TEORI "THREE IN ONE" DALAM KURIKULUM 1999

Ki Supriyoko

Abstract


Kalau ada yang menyatakan  bangsa Indonesia adalah bangsa yang kerdil dan tidak mau melihat kesalahan masa lalu untuk dapat menapaki masa depan dengan sukses barangkali tidak sepenuhnya salah. Setidak-tidaknya hal ini berlaku dalam menjalankan sistem pendidikan nasional dalam kaitannya dengan penggantian kurikulum sekolah, pembaruan, penyempurnaan, atau apa pun namanya.
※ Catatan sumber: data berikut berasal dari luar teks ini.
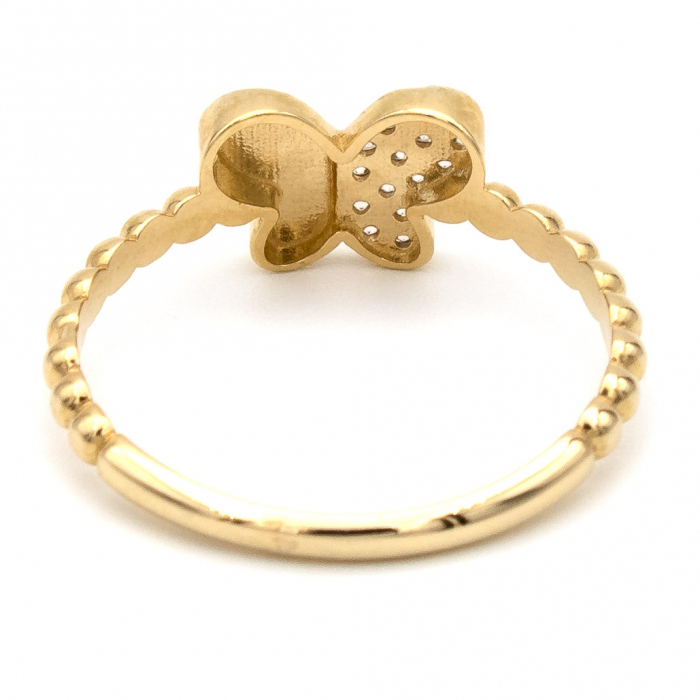Inel Fluture și Pietre zirconia din aur galben 14K – GOLD PIC [7]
       Sejak tahun 1975 sampai tahun 1994 kita memiliki pengalaman "menambal sulam" kurikulum,  dan hasilnya selalu saja tidak mampu menghantarkan bangsa ini kepada kinerja pendidikan yang kompetitif dan produktif.  Banyak indikator yang dapat dipakai; misalnya seperti dilaporkan oleh Bank Dunia kemampuan membaca siswa kita lebih rendah dibanding siswa di negara-negara tetangga; prestasi pelajar kita di dalam International Mathematic Olympic (IMO) selalu saja "jeblok",  kecakapan berbahasa (Inggris) siswa dan guru kita begitu rendah dibanding negara-negara lain, dan sebagainya.
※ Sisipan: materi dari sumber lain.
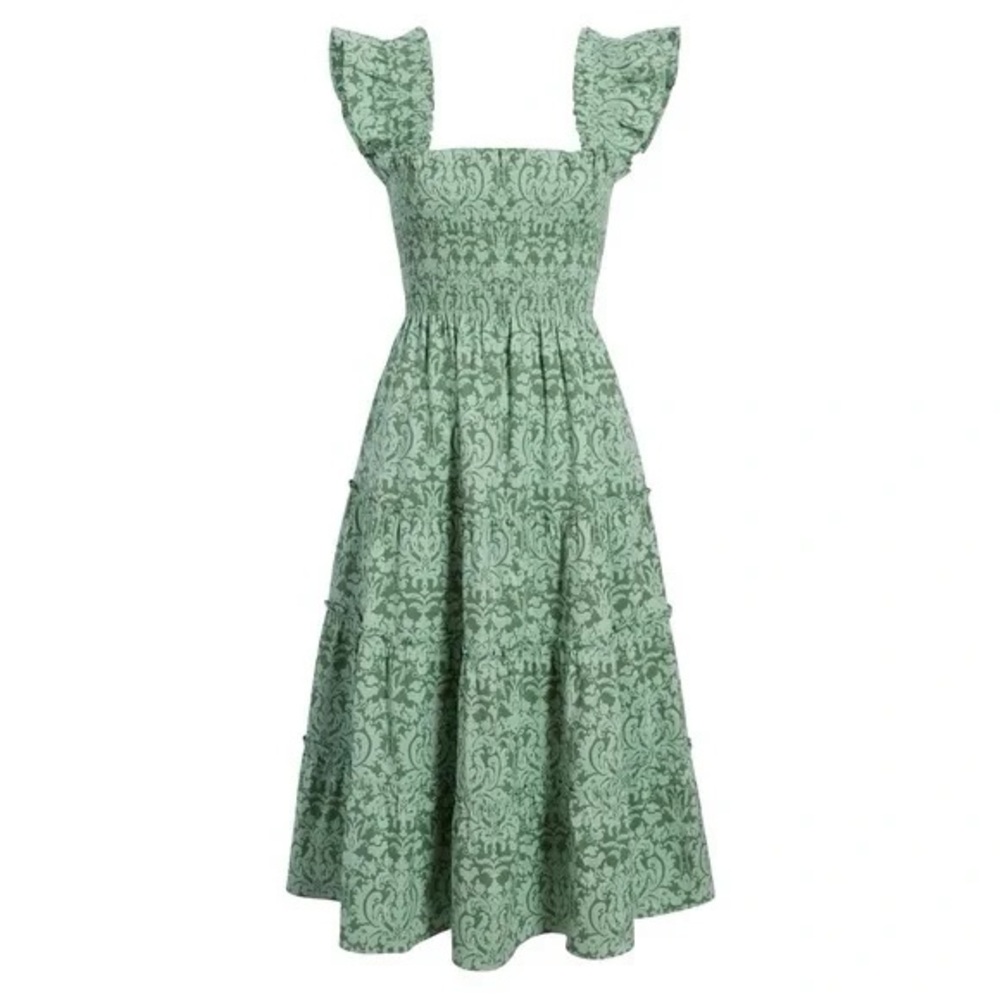 HILL HOUSE Ellie Nap Dress in Green Jacquard SIZE SMALL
       Meskipun demikian, pengalaman buruk tersebut diulang kem-bali dengan "menambal sulam"  Kurikulum 1994  menjadi Kurikulum 1999,  atau apapun namanya.  Durasi waktu yang digunakan untuk menggarap kurikulum baru pun nampak sempit sehingga, meminjam terminologi Bahasa Jawa,  prosesinya kelihatan sekali grusa-grusu; yaitu tergesa-gesa dan kurang hati-hati.  Pendekatannya jauh dari profesional, sehingga hasilnya pun tentu kurang optimal. Memang ada kesan yang tidak dapat ditutup-tutupi bahwa ada sesuatu yang dipaksakan dalam prosesi pembaruan kurikulum kita kali ini.

       Sebagian masyarakat  bahkan ada  yang menganggap  bahwa penerapan Kurikulum 1999 kali ini merupakan upaya pemerintah un-tuk mengalihkan perhatian supaya masyarakat tidak complain atas terjadinya berbagai kegagalan dalam pelaksanaan pendidikan nasional. Anggapan yang berbau pilitis ini semoga tidak benar.